As enjoyable as the first half of the Colorado was, the second half surely matched it as the boys continued to sharpen our fishing skills, grew in awareness of environmental concerns, and above all, enjoyed the companionship of new friends. To start the second half of our trip, we took an incredibly beautiful drive over mountains to the west side of Rocky Mountain National park, which featured incredible views from over 12,000 feet, sightings of elk, bighorn sheep, and other animals, and a stop to fish the Colorado River near its headwaters. This stop not only yielded some brook trout, it also provided a great opportunity to discuss how rivers change over their course and how human choices affect not just the immediate environment, but also the environments downstream.

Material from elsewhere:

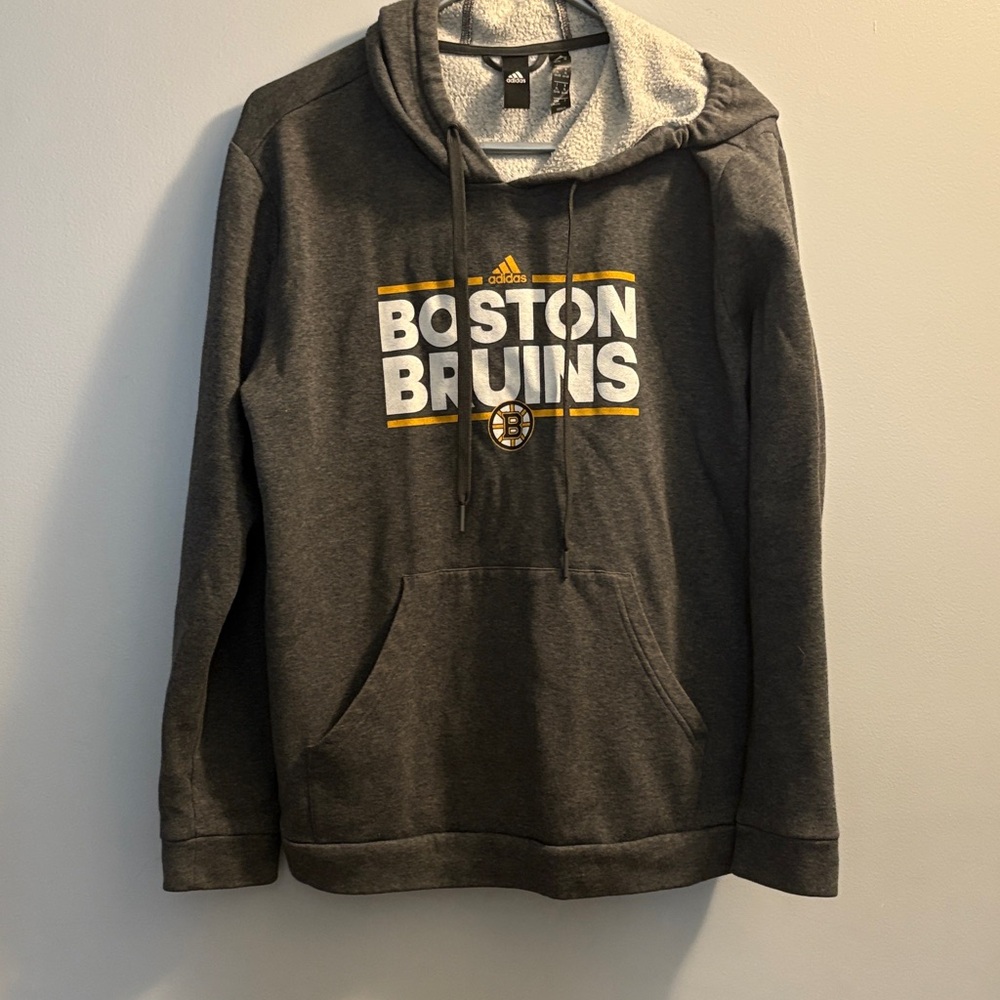 Adidas Charcoal Boston Bruins Hoodie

The following day, we completed our service projects with the Bureau of Land Management. Our primary task was to aid in trail construction by scarifying the existing trail, seeding the area, ad adding fertilizer. The ultimate goal of our project is to make the trail accessible for people with disabilities. This project not only gave us all an insight into the great amount of work that goes into maintaining the areas we have enjoyed, but also led to a feeling of gratitude for being able to enjoy the experiences of the trip. We rounded the day out by catching some brown trout and whitefish in a much bigger section of the Colorado.
Our final full day of the trip was packed with great activities. The boys started the day out with an incredible float trip down the Colorado River with four excellent guides from Cutthroat Anglers in Silverthorne. Each camper reported having a great time, and everyone caught fish, many of them large brown trout, some of the largest of the trip. Following our excellent float trip, we retired to the Silverthorne Rec Center for some pool time, and the boys were given a lesson in pool volleyball. We finished off the night with an incredible last dinner together at The Mint, a delightful restaurant, and enjoyed one another's company one more night at camp.
We are grateful to have had the opportunity to spend time getting to know and teaching you sons. We hope that they recognize the improvement they made during our time together both as fishermen but also as outdoorsman and emerging conservationist. Whether we see them on a future trip, we wish all campers the best in their future endeavors and hope that they will remember the importance of caring for and appreciating our natural resources, and of course, that everyone catches a lot of fish.